____ GIVEN INFORMATION
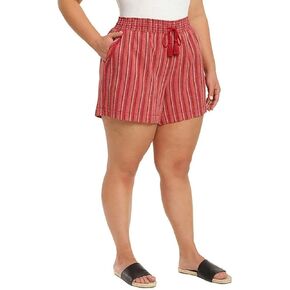 Briggs New York Women's Linen Blend Pull-On Summer Shorts with Pockets and Drawstring (Red Stripes, X-Large)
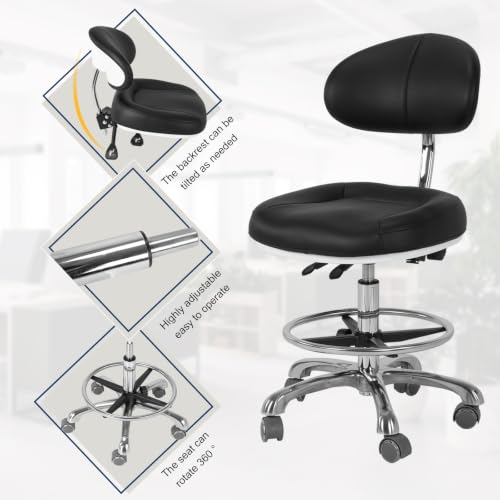 Ergonomic Drafting Chairs with Backrest & Foot Rest for Studio/Classroom/Lab/Counter/Medical/Tattoo Swivel Tall Office Chair Pneumatic Esthetician Drafting Stools Load Up 350LBS Capacity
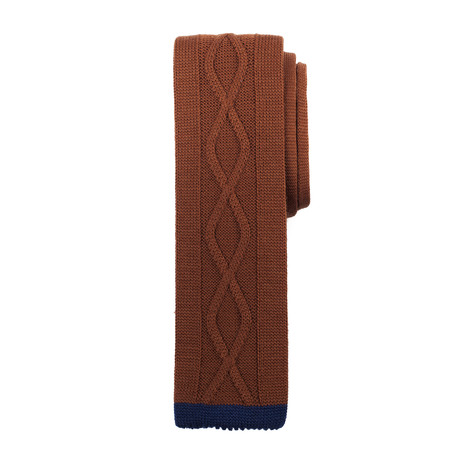 Center Line Cable Knit Wool Tie // Rust + Blue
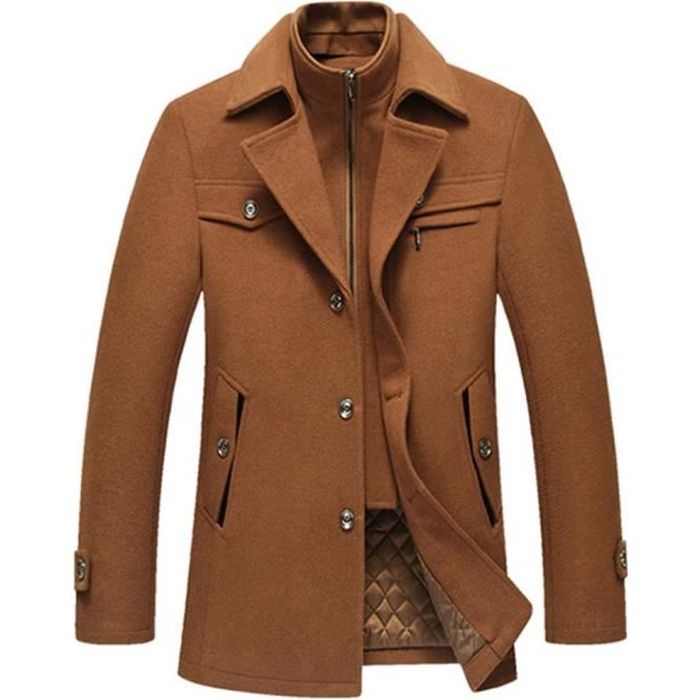 Caban Homme en Laine Casual Manteau Court Epaisse Vetement Automne Hiver Camel Cdiscount Pret a Porter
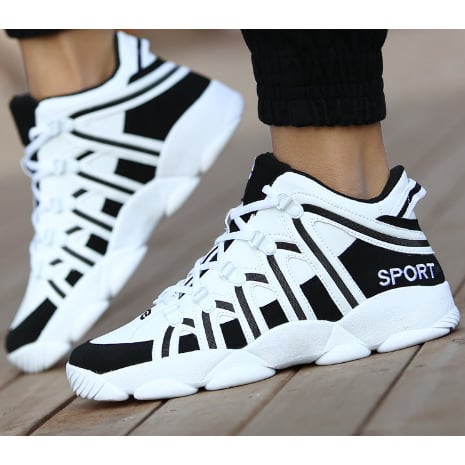 New Unisex Trendy Sports Sneakers - Black/white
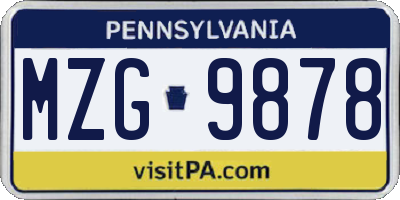 PA license plate MZG9878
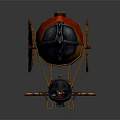 Flying Steampunk Carriage With Red Covering Balloon Front Cannon And Side Wings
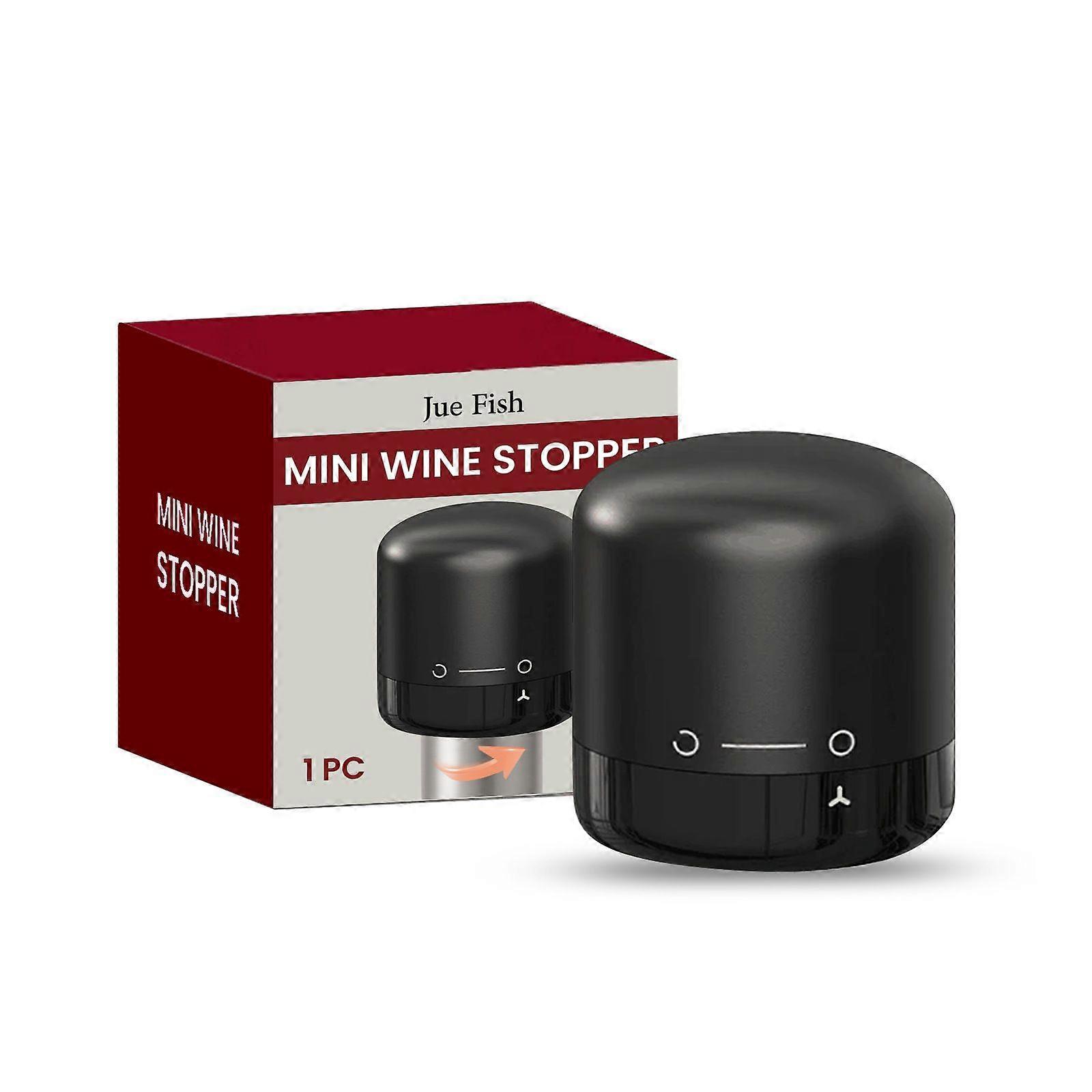 Wine Bottle Stopper, Silicone, Fits Bottles 18-19mm, Keeps Wine Fresh (2 Pack), Small, Black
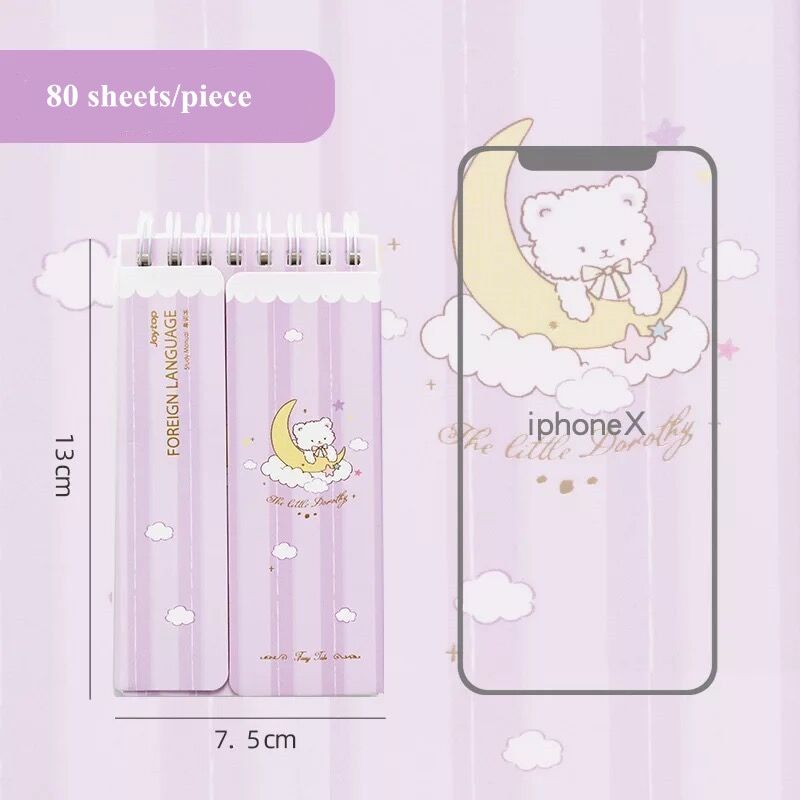 MINKYS Kawaii 80 Sheets Portable Foreign Languages Word Book Vocabulary Memory Study Notebook Japanese School Stationery(null)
________
WHAT NEEDS TO BE DONE: Print every entry word for word; omit the pictures.

REPLY:
 Briggs New York Women's Linen Blend Pull-On Summer Shorts with Pockets and Drawstring (Red Stripes, X-Large)
 Ergonomic Drafting Chairs with Backrest & Foot Rest for Studio/Classroom/Lab/Counter/Medical/Tattoo Swivel Tall Office Chair Pneumatic Esthetician Drafting Stools Load Up 350LBS Capacity
 Center Line Cable Knit Wool Tie // Rust + Blue
 Caban Homme en Laine Casual Manteau Court Epaisse Vetement Automne Hiver Camel Cdiscount Pret a Porter
 New Unisex Trendy Sports Sneakers - Black/white
 PA license plate MZG9878
 Flying Steampunk Carriage With Red Covering Balloon Front Cannon And Side Wings
 Wine Bottle Stopper, Silicone, Fits Bottles 18-19mm, Keeps Wine Fresh (2 Pack), Small, Black
 MINKYS Kawaii 80 Sheets Portable Foreign Languages Word Book Vocabulary Memory Study Notebook Japanese School Stationery(null)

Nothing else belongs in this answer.